= Shoma Sen =

Academician, activist

Shoma Sen is a women's rights activist and assistant professor and was head of the English literature department of the Nagpur University. On 8 June 2018, she was arrested by the Pune Police for her alleged involvement in the Bhima Koregaon riots.

== Personal life ==
Shoma was born and raised in an upper-middle class Bengali family in Bandra, Mumbai. She did her schooling from St. Joseph's Convent. After completing her master's degree from Elphinstone College in Mumbai, she pursued her M.Phil and Ph.D in Nagpur University. She is married to Tushar Kanti Bhattacharya, a writer and translator and has a daughter, Koel, who is a filmmaker. Shoma lives in Nagpur.

== Activism ==
Shoma Sen has worked with the Committee for the Protection of Democratic Rights (CPDR), a human rights organisation. Shoma has been the president of Nagpur University Teachers' Association (NUTA). She was arrested on 6 June 2018 by the Pune Police, and later suspended from her position in Nagpur University. No charges have been proved yet by the prosecution and an ongoing case is due for trial at the Bombay High Court. Shoma has spent more than 528 days (1 and half years) of incarceration already. Shoma was a part of a women's organisation in Nagpur, called Stree Chetna which discussed issues such as violence against women and dowry deaths.

== Arrest ==
On 8 June 2018, she was arrested by the Pune Police along with Sudhir Dhawale, Mahesh Raut, Surendra Gadling and Rona Wilson.

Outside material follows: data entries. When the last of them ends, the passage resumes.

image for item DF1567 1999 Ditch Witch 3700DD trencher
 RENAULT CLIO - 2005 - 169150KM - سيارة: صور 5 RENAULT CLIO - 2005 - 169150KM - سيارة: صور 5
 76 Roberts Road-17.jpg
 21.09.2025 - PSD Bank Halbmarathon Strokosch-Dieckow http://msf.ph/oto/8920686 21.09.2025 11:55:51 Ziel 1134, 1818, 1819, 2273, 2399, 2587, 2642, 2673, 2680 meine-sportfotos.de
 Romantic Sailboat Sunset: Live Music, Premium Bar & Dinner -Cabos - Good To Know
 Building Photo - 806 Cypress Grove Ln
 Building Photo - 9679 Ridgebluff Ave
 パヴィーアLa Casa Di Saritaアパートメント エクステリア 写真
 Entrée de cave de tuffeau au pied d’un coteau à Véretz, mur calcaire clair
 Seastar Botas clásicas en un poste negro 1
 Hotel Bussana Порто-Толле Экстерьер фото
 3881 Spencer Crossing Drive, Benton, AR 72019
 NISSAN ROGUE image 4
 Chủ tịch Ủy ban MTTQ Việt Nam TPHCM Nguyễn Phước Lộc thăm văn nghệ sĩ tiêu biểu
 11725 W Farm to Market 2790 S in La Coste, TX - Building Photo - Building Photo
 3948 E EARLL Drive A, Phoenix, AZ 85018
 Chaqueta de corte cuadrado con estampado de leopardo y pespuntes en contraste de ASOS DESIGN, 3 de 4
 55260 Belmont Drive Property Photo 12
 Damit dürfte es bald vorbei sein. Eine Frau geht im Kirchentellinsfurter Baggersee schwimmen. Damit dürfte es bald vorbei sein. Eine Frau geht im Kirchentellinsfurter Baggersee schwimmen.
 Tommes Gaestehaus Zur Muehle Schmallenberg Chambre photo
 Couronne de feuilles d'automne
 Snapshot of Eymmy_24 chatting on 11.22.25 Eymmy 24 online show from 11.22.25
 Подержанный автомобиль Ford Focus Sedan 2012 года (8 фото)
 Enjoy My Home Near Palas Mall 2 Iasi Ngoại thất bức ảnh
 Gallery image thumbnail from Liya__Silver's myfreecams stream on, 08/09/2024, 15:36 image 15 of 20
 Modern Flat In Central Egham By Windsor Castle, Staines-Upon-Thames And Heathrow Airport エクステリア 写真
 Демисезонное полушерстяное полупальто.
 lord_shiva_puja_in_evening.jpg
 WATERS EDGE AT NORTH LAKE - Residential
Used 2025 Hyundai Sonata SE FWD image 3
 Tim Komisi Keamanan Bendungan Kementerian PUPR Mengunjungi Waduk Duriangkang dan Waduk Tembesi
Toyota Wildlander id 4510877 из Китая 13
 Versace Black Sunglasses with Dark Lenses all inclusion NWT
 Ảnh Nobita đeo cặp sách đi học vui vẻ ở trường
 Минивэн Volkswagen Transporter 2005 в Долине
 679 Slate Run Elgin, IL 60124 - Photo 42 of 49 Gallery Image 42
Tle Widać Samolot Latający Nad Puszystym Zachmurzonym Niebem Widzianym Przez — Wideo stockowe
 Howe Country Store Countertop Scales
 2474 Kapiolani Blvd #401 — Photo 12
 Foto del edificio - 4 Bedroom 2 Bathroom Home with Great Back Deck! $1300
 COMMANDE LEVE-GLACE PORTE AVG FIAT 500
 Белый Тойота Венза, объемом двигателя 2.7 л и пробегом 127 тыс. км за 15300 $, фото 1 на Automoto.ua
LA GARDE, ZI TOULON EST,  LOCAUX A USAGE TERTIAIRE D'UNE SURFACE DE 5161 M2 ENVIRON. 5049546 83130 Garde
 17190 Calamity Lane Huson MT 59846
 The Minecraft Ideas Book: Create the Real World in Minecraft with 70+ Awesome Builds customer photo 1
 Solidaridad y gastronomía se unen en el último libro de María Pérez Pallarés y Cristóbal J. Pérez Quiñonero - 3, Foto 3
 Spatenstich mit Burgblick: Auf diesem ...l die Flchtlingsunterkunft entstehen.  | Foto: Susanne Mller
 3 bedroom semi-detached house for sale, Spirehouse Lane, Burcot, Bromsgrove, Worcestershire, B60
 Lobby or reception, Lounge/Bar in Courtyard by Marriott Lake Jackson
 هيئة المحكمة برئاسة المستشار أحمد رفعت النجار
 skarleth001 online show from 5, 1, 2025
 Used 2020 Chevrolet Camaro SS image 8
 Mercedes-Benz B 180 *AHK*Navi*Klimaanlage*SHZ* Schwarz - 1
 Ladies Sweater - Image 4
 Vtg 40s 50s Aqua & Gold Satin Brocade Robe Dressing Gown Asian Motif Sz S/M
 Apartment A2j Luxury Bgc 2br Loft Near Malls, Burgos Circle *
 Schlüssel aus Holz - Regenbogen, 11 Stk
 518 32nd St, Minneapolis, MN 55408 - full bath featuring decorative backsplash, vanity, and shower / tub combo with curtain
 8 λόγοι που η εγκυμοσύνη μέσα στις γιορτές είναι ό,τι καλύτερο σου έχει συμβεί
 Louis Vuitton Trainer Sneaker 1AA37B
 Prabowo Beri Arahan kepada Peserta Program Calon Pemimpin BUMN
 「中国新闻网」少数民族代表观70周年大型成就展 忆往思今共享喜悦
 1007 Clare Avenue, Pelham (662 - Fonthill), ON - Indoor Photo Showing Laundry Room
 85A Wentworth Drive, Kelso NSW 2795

They were charged under the Unlawful Activities (Prevention) Act for their alleged involvement in the Bhima Koregaon violence. At the time of her arrest, she was nearing retirement. On 15 June, she was suspended from her position in Nagpur University on grounds that she had been in police custody for more than 48 hours.

She was granted bail on 6 April 2024.